Every entry must be set down exactly in the answer; no pictures should appear.
(Exercise data begins)
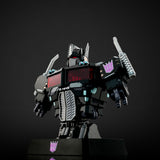 [Bust Generation] Nemesis Prime Mechanic Bust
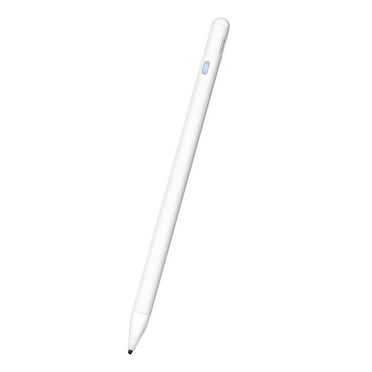 Stylus Universal Pen for iOS, Android, Microsoft Surface, iPad, iPhone,  Google Pixel Other Touch Screens with Sensitivity Adjust Button ( Black) -  Walmart.com
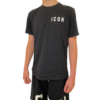T-shirt Icon logata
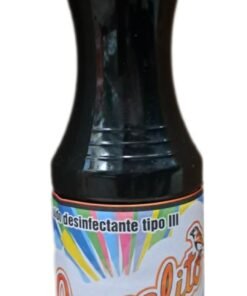 FLUIDO DESINFECTANTE GONZALITO X390CC
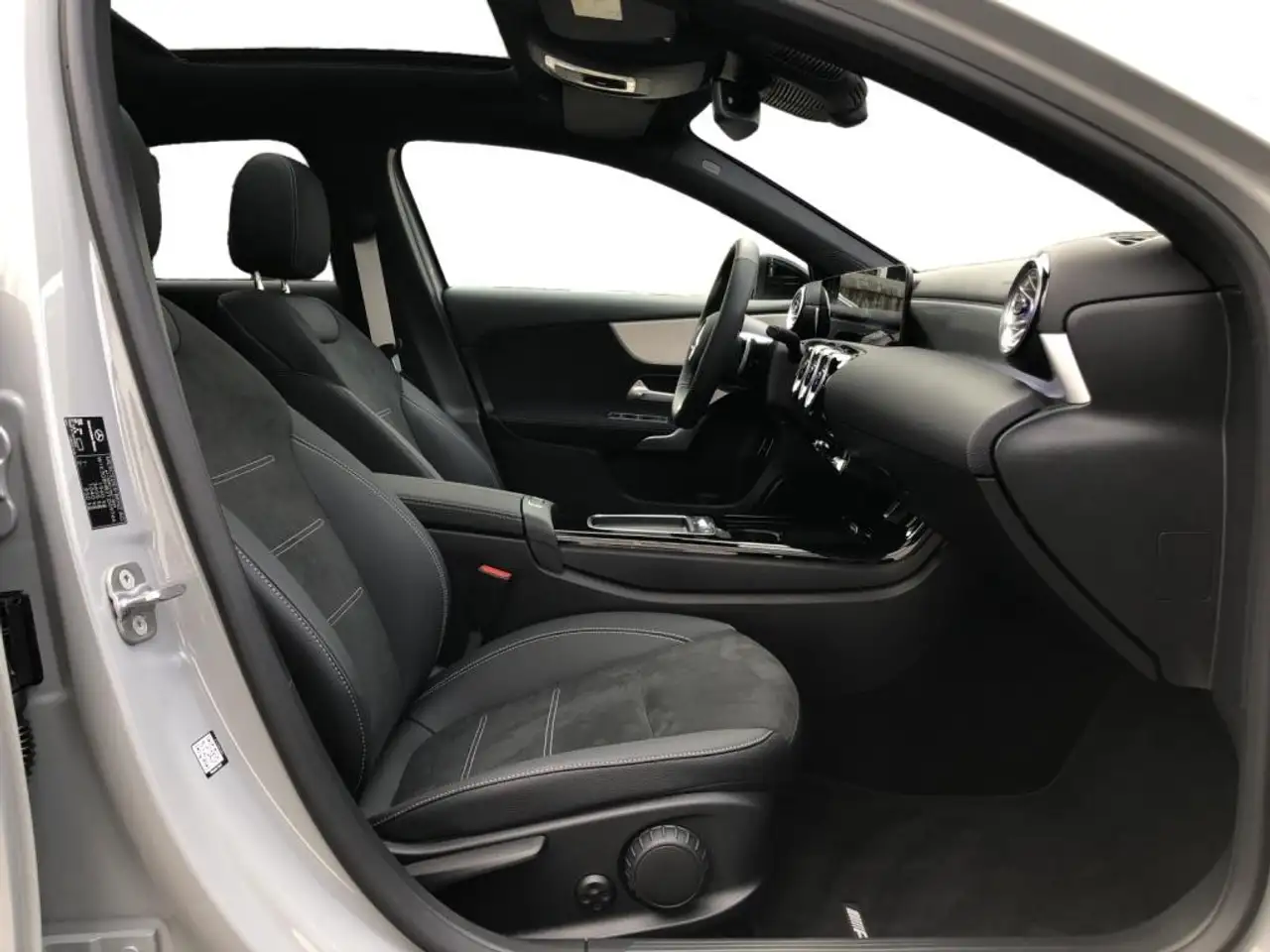 Mercedes-Benz A-Class 2026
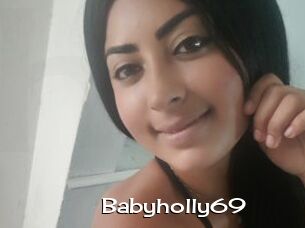 Babyholly69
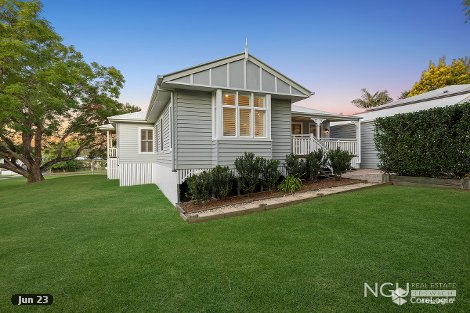 3a Raff St, Newtown, QLD 4305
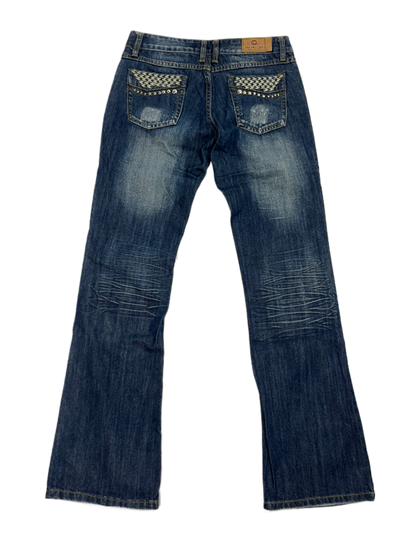 Ott Y2k Jeans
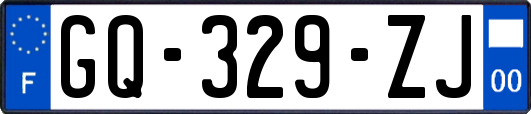 GQ-329-ZJ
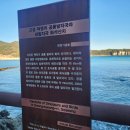 진주 가진리 새발자국과 공룡발자국 화석산지 | 아이와 경남 고성 가볼만한곳 공룡발자국 화석 새발자국 바다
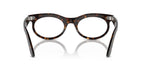 Ray-Ban Wayfarer Oval RB 2242 902/GI Photochromic Sunglasses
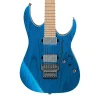 Ibanez RG5120M Prestige - Frozen Ocean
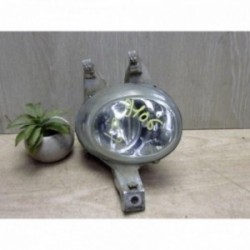 Optique avant secondaire...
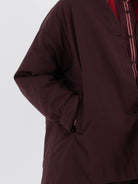 Casey Casey Juliane Jacket in Ebony - CASEY CASEY at Worthwhile - shop JACKET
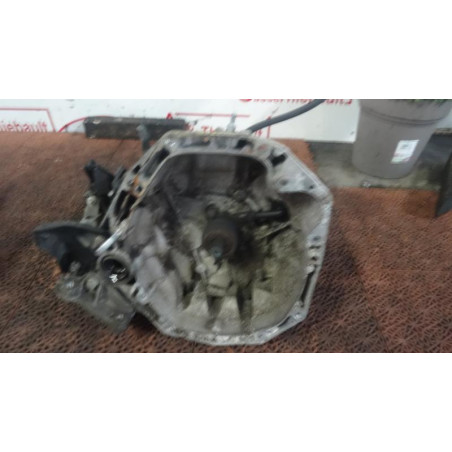 Boite de vitesses RENAULT TWINGO II PHASE 1 d’occasion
(Exercise data ends)
_Exercise solution_
 [Bust Generation] Nemesis Prime Mechanic Bust
 Stylus Universal Pen for iOS, Android, Microsoft Surface, iPad, iPhone,  Google Pixel Other Touch Screens with Sensitivity Adjust Button ( Black) -  Walmart.com
T-shirt Icon logata
 FLUIDO DESINFECTANTE GONZALITO X390CC
 Mercedes-Benz A-Class 2026
 Babyholly69
 3a Raff St, Newtown, QLD 4305
 Ott Y2k Jeans
 GQ-329-ZJ
 진주 가진리 새발자국과 공룡발자국 화석산지 | 아이와 경남 고성 가볼만한곳 공룡발자국 화석 새발자국 바다
 Ray-Ban Wayfarer Oval RB 2242 902/GI Photochromic Sunglasses
 Ibanez RG5120M Prestige - Frozen Ocean
 Optique avant secondaire...
 Casey Casey Juliane Jacket in Ebony - CASEY CASEY at Worthwhile - shop JACKET
 Boite de vitesses RENAULT TWINGO II PHASE 1 d’occasion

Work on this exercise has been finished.